> **Task material**:
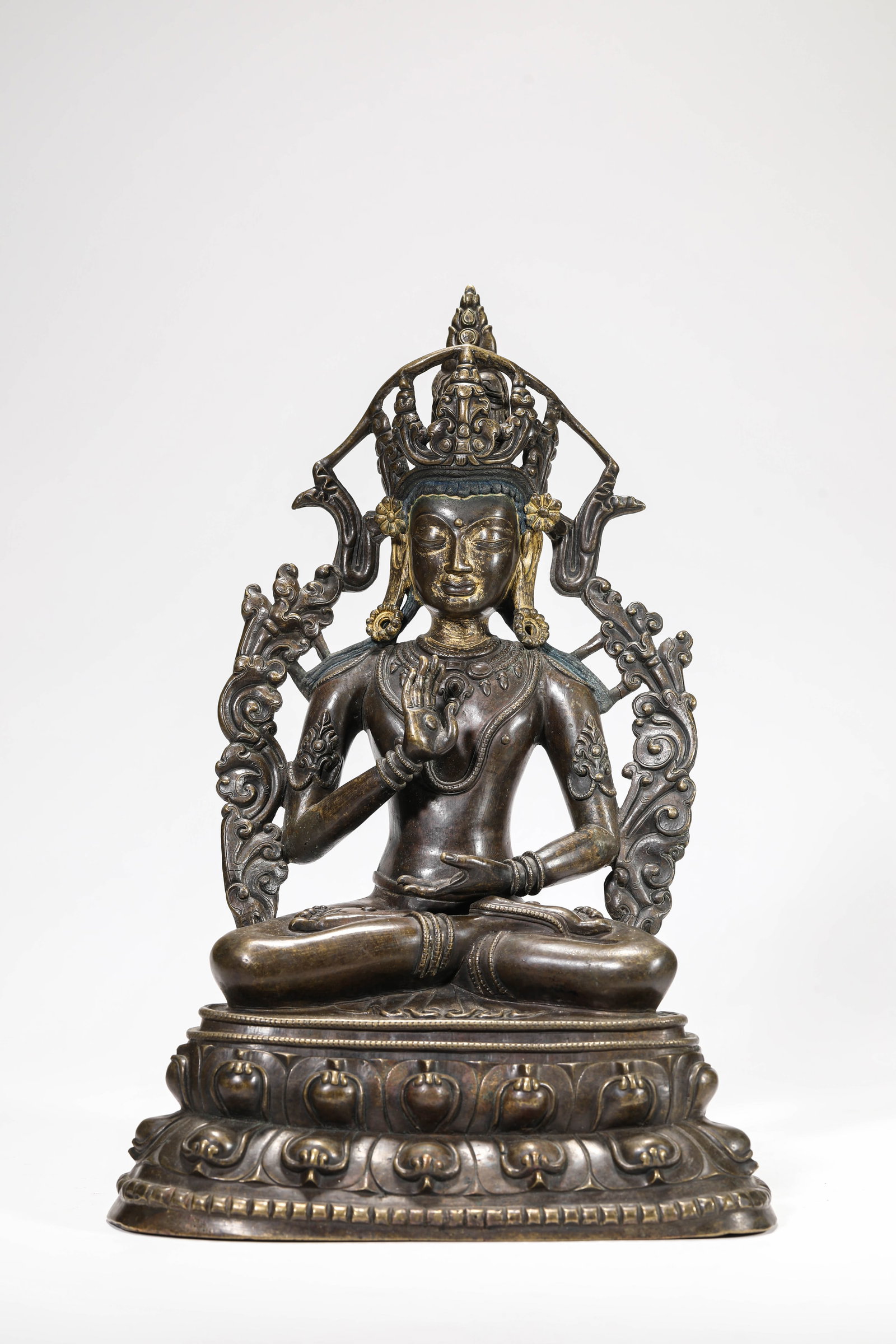 A 'LADAKH-STYLE' ALLOY BRONZE FIGURE OF AMOGHASIDDHI: A 'LADAKH-STYLE' ALLOY BRONZE FIGURE OF AMOGHASIDDHI Description: Dimensions: Weight: 5000 g. Length: 23.1 cm x Width: 14 cm x Height: 33 cm. All measurements are approximate.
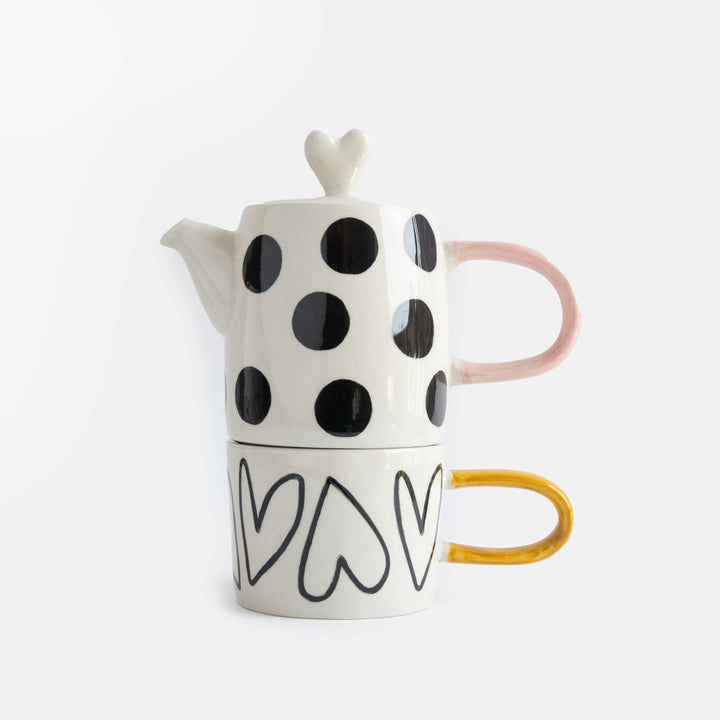 Mono Spots and Heart Ceramic Teapot & Mug Set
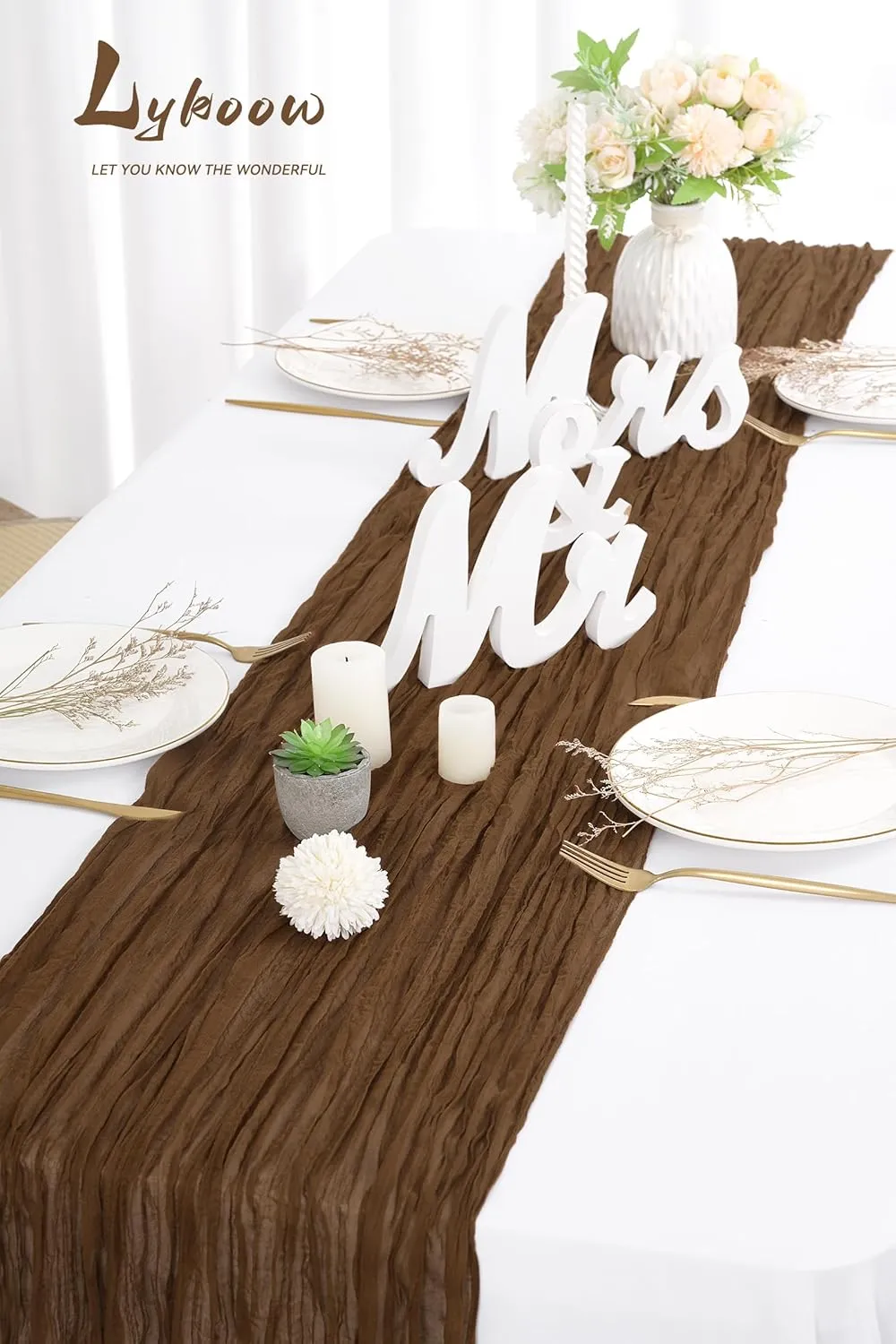 5 Packs Cheesecloth Table Brown, 10Ft x 35'' Rustic Gauze Boho Wedding Table Runner Decoration, Wedding Table Decor Table Cloth for Wedding Party Bridal Shower Table
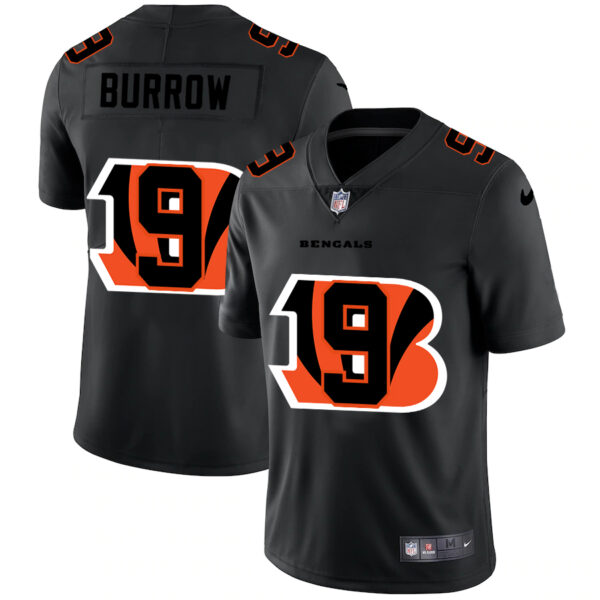 Cincinnati Bengals #9 Joe Burrow Men's Nike Team Logo Dual Overlap Limited NFL Jersey Black
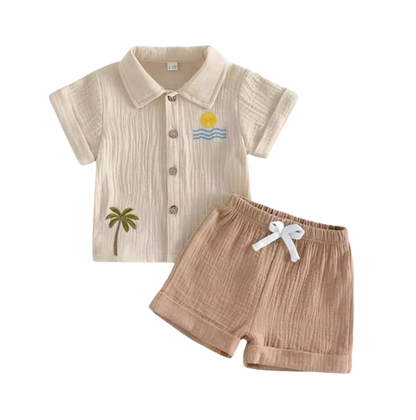 The Zaiden - Baby Boy Summer Outfit – Short Sleeve Tree Print Shirt & Elastic Waist Shorts 2‑Piece Set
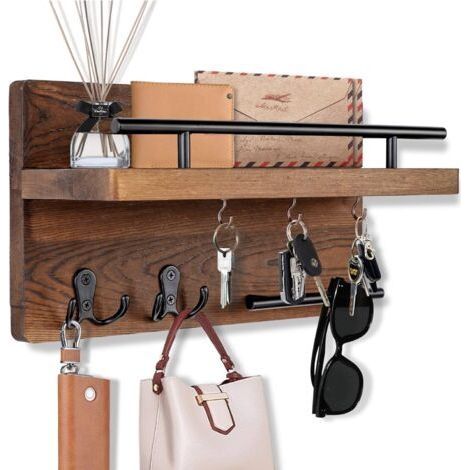 Porte-clés mural décoratif avec 5 crochets à clés, porte-clés mural pour mur avec porte-clés de courrier, organiseur de courrier en bois avec étagère, couloir, bureau (1/5)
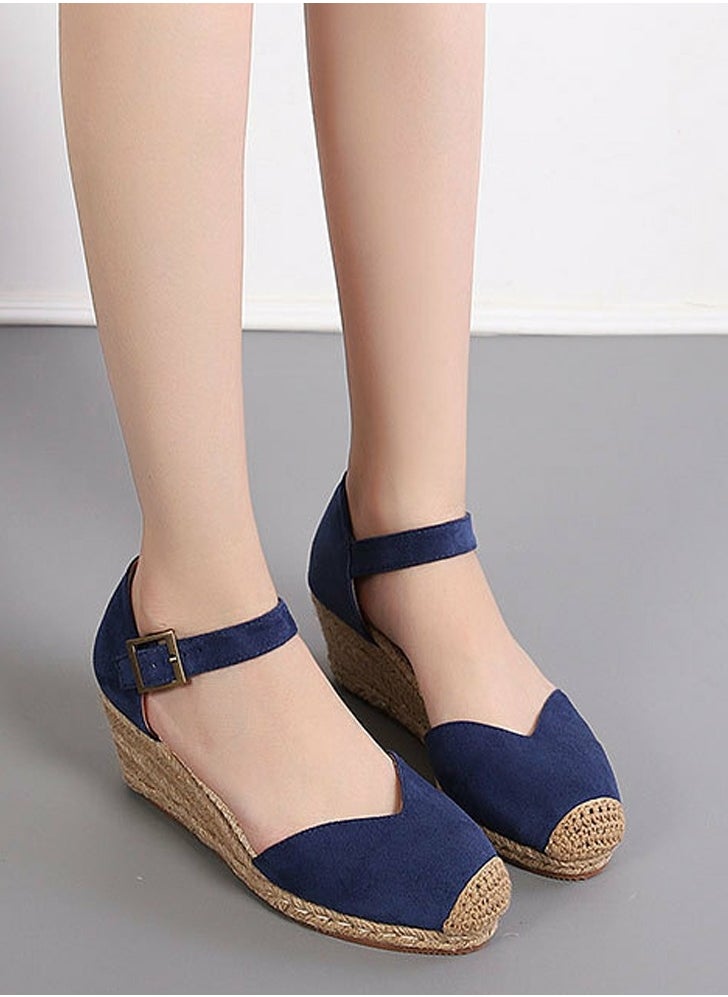 Women's Platform Espadrilles Wedge Sandals Ankle Strap Closed Round Toe Wedge Shoes Navy Blue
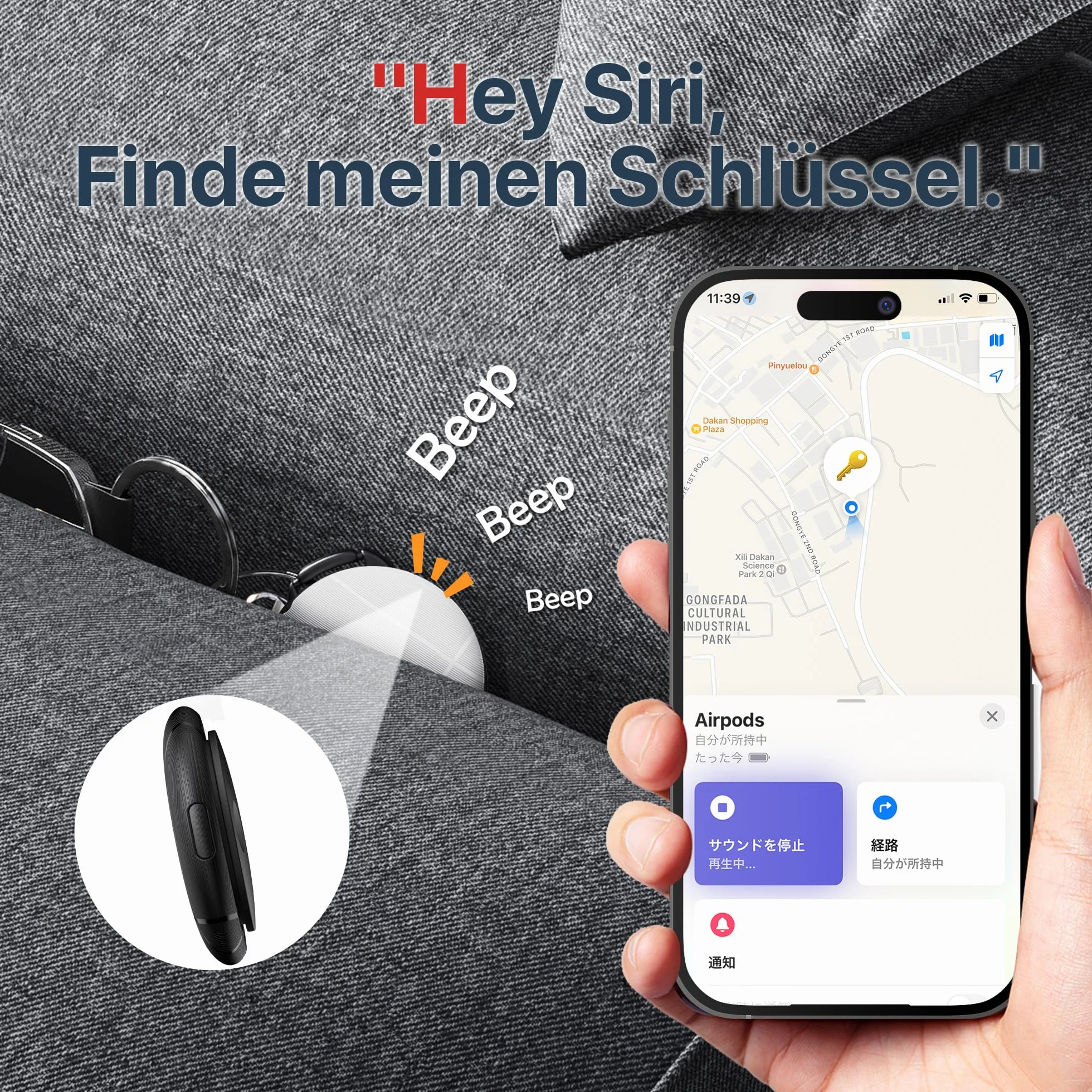 MiLi LiTag Lokalizator Finder Kluczy, Inteligentny Śledzik Kompatybilny z Aplikacją Apple Gdzie jest? (TYLKO iOS), Bluetooth Znajdź przedmiot dla Klucza, Bagażu, Walizki, Zwierzęcia, Portfela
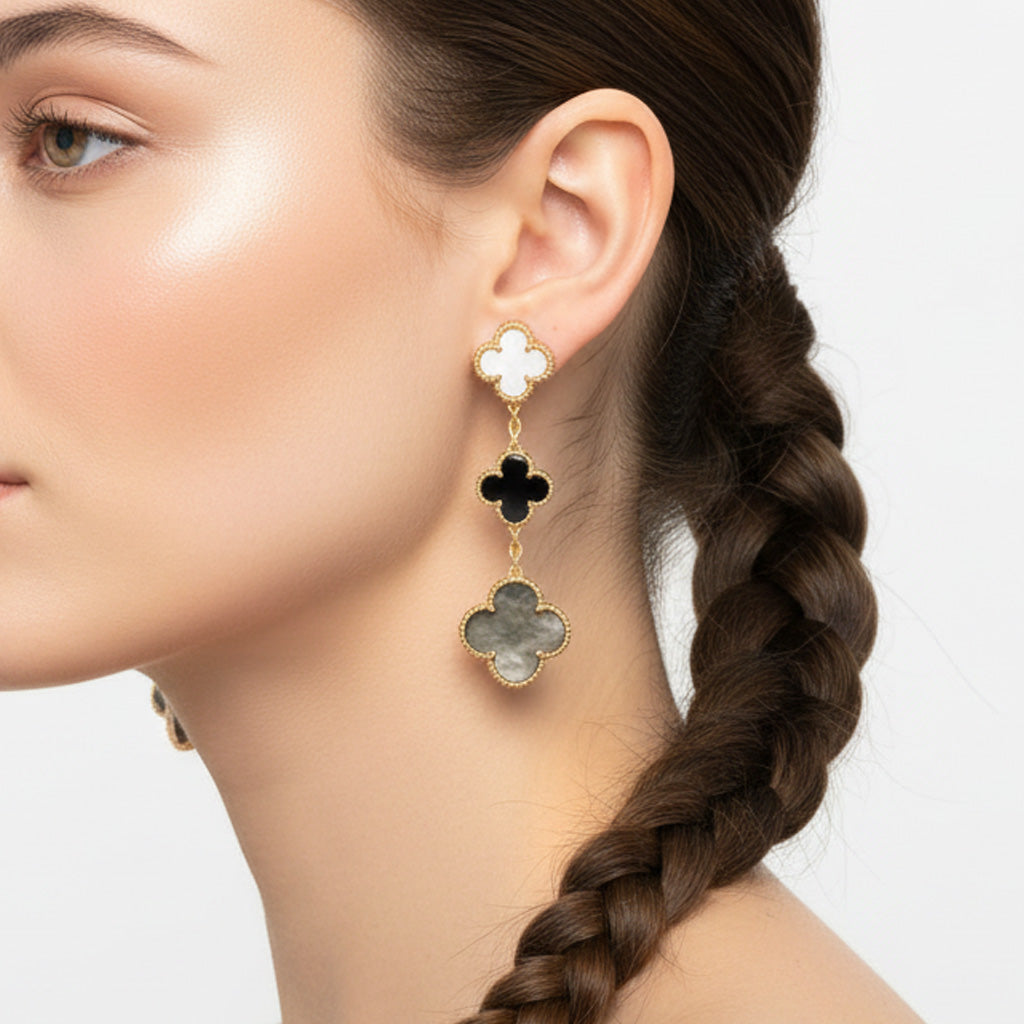 Magic Alhambra Three Pearls Motifs Earrings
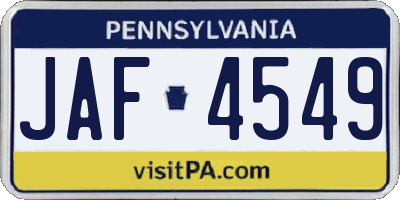 PA license plate JAF4549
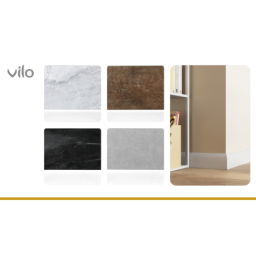 Vilo|Plinta parchet Sempla 80 Gri inchis 703,  PVC rigid, 240 x 8 x 1.4 cm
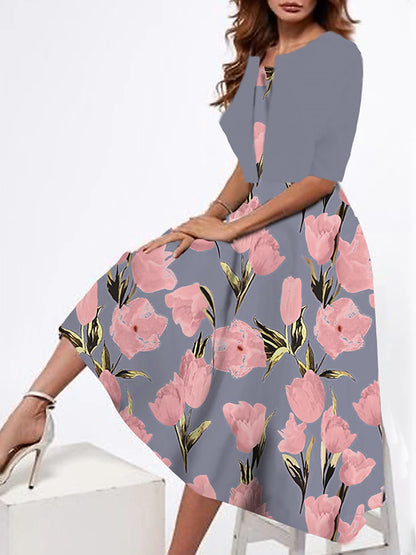 Women's Two Piece Dress Set Casual Dress Tank Dress Print Dress Outdoor Daily Fashion Streetwear Print Midi Dress Strap Half Sleeve Floral Loose Fit Pink Dark Pink Peach Summer Spring S M L XL XXL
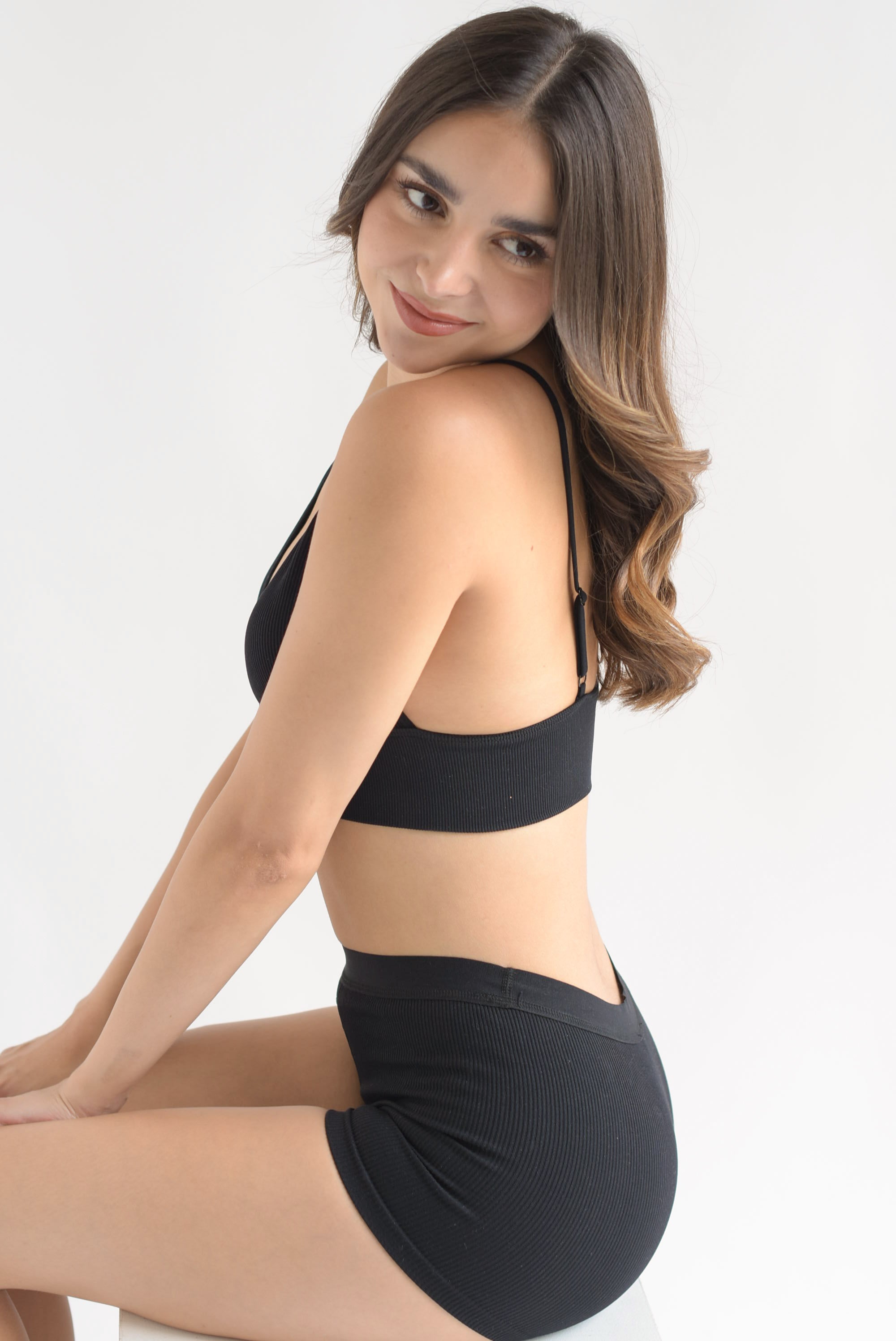 Set Short y Top underwear Negro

> **Work required**:
Line by line and exactly, write out the material above. Skip the pictures.

> **Exercise answer**:
 A 'LADAKH-STYLE' ALLOY BRONZE FIGURE OF AMOGHASIDDHI: A 'LADAKH-STYLE' ALLOY BRONZE FIGURE OF AMOGHASIDDHI Description: Dimensions: Weight: 5000 g. Length: 23.1 cm x Width: 14 cm x Height: 33 cm. All measurements are approximate.
 Mono Spots and Heart Ceramic Teapot & Mug Set
 5 Packs Cheesecloth Table Brown, 10Ft x 35'' Rustic Gauze Boho Wedding Table Runner Decoration, Wedding Table Decor Table Cloth for Wedding Party Bridal Shower Table
 Cincinnati Bengals #9 Joe Burrow Men's Nike Team Logo Dual Overlap Limited NFL Jersey Black
 The Zaiden - Baby Boy Summer Outfit – Short Sleeve Tree Print Shirt & Elastic Waist Shorts 2‑Piece Set
 Porte-clés mural décoratif avec 5 crochets à clés, porte-clés mural pour mur avec porte-clés de courrier, organiseur de courrier en bois avec étagère, couloir, bureau (1/5)
 Women's Platform Espadrilles Wedge Sandals Ankle Strap Closed Round Toe Wedge Shoes Navy Blue
 MiLi LiTag Lokalizator Finder Kluczy, Inteligentny Śledzik Kompatybilny z Aplikacją Apple Gdzie jest? (TYLKO iOS), Bluetooth Znajdź przedmiot dla Klucza, Bagażu, Walizki, Zwierzęcia, Portfela
 Magic Alhambra Three Pearls Motifs Earrings
 PA license plate JAF4549
 Vilo|Plinta parchet Sempla 80 Gri inchis 703,  PVC rigid, 240 x 8 x 1.4 cm
 Women's Two Piece Dress Set Casual Dress Tank Dress Print Dress Outdoor Daily Fashion Streetwear Print Midi Dress Strap Half Sleeve Floral Loose Fit Pink Dark Pink Peach Summer Spring S M L XL XXL
 Set Short y Top underwear Negro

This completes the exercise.